The Bullroarer Atlas

AUSMAIN-015 - secondary catalog

Kaiabara

Australia - Wide Bay - Burnett, inland from Maryborough - Southeast Queensland

Restricted

Howitt's 1904 figure of a Kurnai (Gunai) bull-roarer, lattice-hatched from edge to edge with a frayed cord at the grip; the Kaiabara pundunda...
Representative image. Howitt's 1904 figure of a Kurnai (Gunai) bull-roarer, lattice-hatched from edge to edge with a frayed cord at the grip; the Kaiabara pundunda of the Wide Bay–Burnett district, sounded in the scrub after intertribal Dora fights and kept hidden from women, has not been photographed. A. W. Howitt, The Native Tribes of South-East Australia (1904), fig. 37 Public domain Image source

Pundunda

Pundunda — the Kaiabara name for the bull-roarer sounded in the scrub after the Dora fight; forbidden to be seen by women.

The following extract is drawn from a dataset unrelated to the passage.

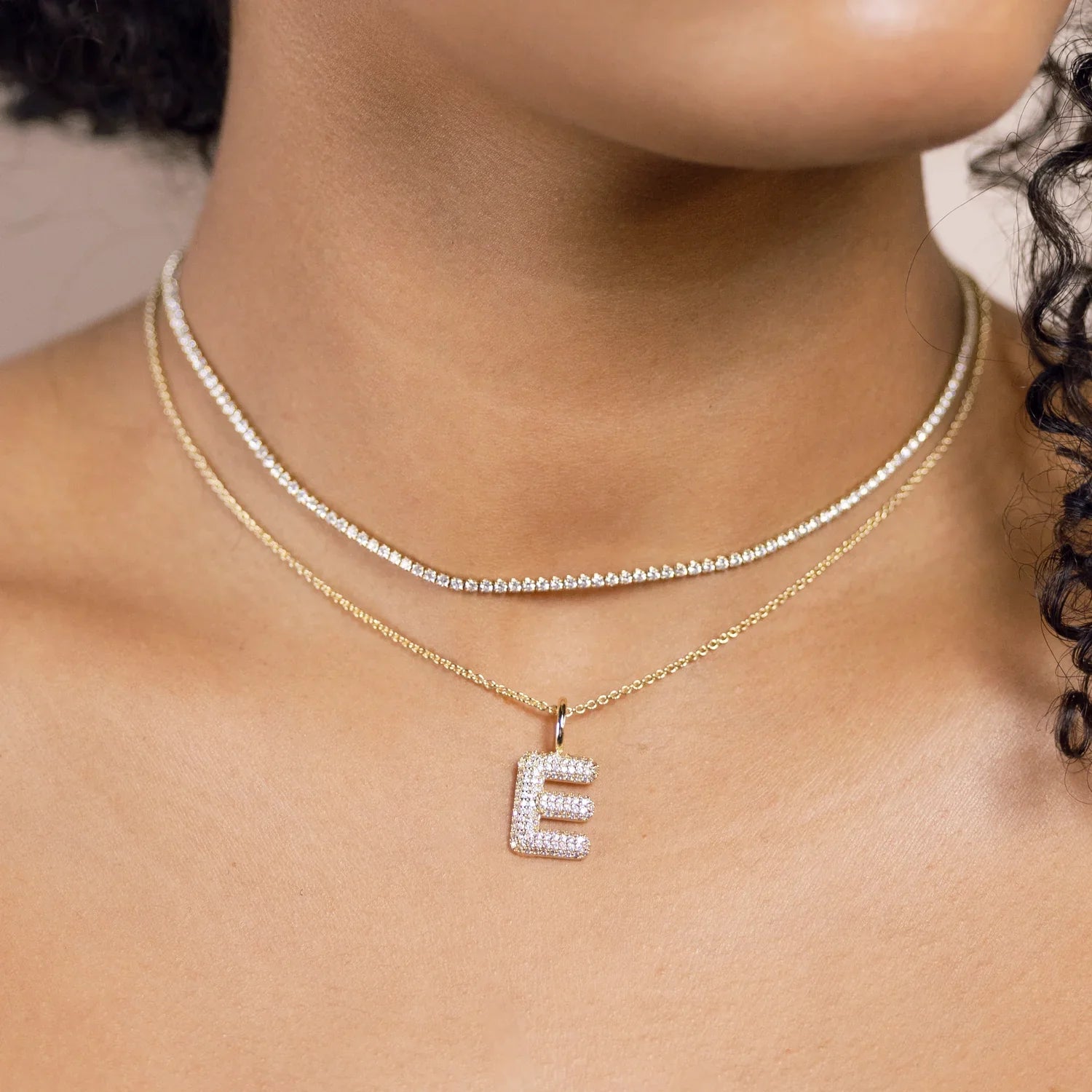 PREORDER: Personalized Bubble Letter Initial Charm - Custom Name Necklace for Women & Girls - Perfect for Birthdays, Anniversaries & Gifts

After the staged battle of the Dora, in which the two tribes' newly named boys were set facing each other and told to fight under the old men's tuition, the elders then joining in until the fighting turned severe — five men killed in one such fight, the wounded and maimed very numerous — the Kaiabara boys and their Quonmies, the guardians who had led them through the rite, withdrew into the thick scrub within hearing of the camp and sounded the bull-roarer called Pundunda. Hearing it, the women ran out of the camp. They were told that if they stayed and listened they would lose their hearing, and if they looked back they would go blind. A.W. Howitt recorded the practice among the tribes near Maryborough, in the Wide Bay district of southern Queensland, in his Native Tribes of South-East Australia.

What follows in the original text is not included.